OPEC Sends Oil and Canadian Dollar Lower
The Canadian Dollar was an under-performer on Thursday, May 25 as oil prices slid after oil-producing cartel OPEC failed to take the concrete measures required to keep prices elevated.
The action has disappointed those betting on a stronger CAD as just 24 hours earlier the currency was seen as one of the better-performers in the global FX landscape after a confident message on the Canadian economic outlook was released by the Bank of Canada.
“OPEC members had a chance today but bottled it,” says Neil Wilson, Senior Market Analyst at ETX Capital. “A nine-month extension just isn’t enough to really lift oil prices as we’ll continue to see US shale fill the gap. Having said they’d do whatever it takes, OPEC is looking a bit toothless now.”
Oil is one of Canada’s major exports and therefore its price matters for the country’s ability to earn foreign currency.
Higher prices tend to lead to a stronger Canadian Dollar as the country’s export earnings rise.
OPEC have been accused of “tinkering at the margins” by curbing production by around 1.8m barrels a day along with several non-OPEC members.
“It also looks like no new non-OPEC members are joining the curbs, which would have helped,” says Wilson.
Brent crude is down more than 3.26% lower at $52.37 and WTI - more relevant to Canadian production - is down by a similar margin at $49.52.
“The fall, in spite of the extension, is a sign that the recent rally for oil was, in part, built on pretty sandy foundations and the hopes that OPEC would do more cutting and faster,” says Wilson.
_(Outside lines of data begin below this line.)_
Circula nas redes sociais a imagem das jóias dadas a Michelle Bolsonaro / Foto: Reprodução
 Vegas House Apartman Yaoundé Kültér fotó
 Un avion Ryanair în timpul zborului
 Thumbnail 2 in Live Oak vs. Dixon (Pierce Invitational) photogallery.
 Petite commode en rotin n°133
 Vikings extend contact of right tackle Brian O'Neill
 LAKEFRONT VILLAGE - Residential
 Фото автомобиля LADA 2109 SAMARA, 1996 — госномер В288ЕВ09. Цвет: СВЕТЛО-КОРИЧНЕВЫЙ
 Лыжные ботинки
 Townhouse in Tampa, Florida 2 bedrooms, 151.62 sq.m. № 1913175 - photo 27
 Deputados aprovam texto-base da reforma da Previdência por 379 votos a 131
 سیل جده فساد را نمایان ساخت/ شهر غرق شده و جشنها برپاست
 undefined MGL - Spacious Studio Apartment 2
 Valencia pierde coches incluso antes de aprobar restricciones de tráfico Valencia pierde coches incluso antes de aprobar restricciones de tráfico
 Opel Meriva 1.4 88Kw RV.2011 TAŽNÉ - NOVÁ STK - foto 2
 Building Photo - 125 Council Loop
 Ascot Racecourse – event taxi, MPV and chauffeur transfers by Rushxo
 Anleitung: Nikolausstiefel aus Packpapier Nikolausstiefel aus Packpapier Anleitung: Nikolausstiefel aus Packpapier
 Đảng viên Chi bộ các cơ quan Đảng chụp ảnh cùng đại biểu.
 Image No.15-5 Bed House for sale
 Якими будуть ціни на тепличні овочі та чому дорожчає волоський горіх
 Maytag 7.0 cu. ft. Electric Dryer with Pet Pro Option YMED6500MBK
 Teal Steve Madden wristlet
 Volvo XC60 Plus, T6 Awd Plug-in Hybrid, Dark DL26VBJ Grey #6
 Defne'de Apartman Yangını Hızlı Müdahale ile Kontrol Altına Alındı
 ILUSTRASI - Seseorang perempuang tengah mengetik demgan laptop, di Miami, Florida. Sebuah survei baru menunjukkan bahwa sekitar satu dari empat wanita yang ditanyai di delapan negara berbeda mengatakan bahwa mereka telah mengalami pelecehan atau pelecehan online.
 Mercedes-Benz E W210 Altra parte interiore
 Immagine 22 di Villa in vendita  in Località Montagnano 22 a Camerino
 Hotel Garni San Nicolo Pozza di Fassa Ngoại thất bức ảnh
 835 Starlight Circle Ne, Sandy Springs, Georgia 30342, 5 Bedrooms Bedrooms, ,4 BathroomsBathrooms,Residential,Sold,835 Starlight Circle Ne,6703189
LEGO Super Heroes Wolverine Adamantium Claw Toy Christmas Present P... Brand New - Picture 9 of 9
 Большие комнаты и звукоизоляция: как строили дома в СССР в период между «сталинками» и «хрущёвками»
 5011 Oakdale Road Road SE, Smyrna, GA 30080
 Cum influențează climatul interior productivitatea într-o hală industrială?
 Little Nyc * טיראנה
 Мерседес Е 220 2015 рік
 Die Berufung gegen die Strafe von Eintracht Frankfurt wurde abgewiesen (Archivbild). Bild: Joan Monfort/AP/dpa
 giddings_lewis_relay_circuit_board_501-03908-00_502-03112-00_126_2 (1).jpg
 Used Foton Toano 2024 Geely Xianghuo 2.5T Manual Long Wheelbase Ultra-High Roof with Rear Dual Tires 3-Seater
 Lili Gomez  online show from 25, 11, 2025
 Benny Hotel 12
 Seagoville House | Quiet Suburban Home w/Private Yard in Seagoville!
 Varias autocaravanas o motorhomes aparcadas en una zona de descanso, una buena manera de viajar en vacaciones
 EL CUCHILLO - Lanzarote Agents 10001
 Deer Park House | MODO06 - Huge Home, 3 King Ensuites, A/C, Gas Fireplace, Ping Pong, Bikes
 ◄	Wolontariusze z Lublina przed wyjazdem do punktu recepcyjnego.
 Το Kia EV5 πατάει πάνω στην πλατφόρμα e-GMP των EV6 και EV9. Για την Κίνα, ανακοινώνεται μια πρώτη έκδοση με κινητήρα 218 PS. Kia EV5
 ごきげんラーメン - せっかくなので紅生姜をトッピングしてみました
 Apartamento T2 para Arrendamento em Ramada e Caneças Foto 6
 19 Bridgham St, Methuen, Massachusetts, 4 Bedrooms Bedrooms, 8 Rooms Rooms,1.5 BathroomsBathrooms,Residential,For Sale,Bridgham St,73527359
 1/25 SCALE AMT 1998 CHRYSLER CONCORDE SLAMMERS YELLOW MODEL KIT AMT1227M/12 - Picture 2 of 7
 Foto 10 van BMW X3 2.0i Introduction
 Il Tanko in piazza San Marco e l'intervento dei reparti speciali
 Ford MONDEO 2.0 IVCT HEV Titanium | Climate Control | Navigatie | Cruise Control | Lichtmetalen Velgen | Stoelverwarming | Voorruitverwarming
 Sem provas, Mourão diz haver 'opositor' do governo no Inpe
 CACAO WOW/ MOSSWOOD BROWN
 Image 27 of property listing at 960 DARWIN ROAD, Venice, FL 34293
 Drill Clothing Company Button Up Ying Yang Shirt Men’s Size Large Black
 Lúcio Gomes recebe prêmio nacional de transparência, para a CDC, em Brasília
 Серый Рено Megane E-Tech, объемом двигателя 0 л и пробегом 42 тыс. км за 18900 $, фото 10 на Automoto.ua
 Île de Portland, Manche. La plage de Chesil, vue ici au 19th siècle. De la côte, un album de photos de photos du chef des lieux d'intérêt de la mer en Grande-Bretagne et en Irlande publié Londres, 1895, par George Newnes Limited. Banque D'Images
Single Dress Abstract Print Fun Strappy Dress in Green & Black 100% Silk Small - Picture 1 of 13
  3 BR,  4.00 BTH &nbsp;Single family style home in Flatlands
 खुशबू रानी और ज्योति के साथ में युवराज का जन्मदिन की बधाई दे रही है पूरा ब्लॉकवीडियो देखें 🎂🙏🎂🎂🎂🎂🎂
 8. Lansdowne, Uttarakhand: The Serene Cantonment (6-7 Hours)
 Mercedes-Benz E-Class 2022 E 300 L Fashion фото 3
US shale producers will be nervous now that prices have fallen below $50 a barrel but OPEC OPEC thinks production in the US will rise by 820,000 b/d this year, compared with a forecast six months ago that it would contract by about 150,000 b/d.
The rig count has jumped 50% in six months and should continue to climb.
“The US is the new swing producer – able to fill any gaps left by OPEC, which now longer holds the trump cards it once did,” says Wilson.